Mines and Minerals: The Eastern Nagaland region is richly endowed with mineral resources and therefore pertinent to pay attention to exploitation of natural and mineral resources of the region. Apart from oil, all other major natural resources of Nagaland namely coal, limestone and nickel, cobalt and chromium bearing magnetite, bio-diversity and hydro power are located in the Eastern Nagaland areas. Special policies for exploiting these resources require to be evolved early so that by 2030, the resources are optimised for productive use. The policy will have to include provision of roads and connectivity for exploitation of the resources.
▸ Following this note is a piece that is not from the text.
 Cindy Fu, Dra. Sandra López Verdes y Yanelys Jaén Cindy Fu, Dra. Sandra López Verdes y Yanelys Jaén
Tourism: The Eastern Nagaland areas are repository of the rich traditional culture of the Nagas as traditions and customs are still practiced to a large extent. Similarly, the rich biodiversity which still exist in the area can be developed for eco-tourism. A special tourism promotion policy for the Eastern Nagaland areas is therefore necessary.
International Trade and Commerce: The development of international trade and commerce through Nagaland cannot be conceived without the Eastern Nagaland areas. Accordingly, infrastructure development along these areas need to be given due attention keeping in mind the future prospects of international trade and commerce. An appropriate policy therefore, needs to be evolved as this will greatly add to the general development of the entire state.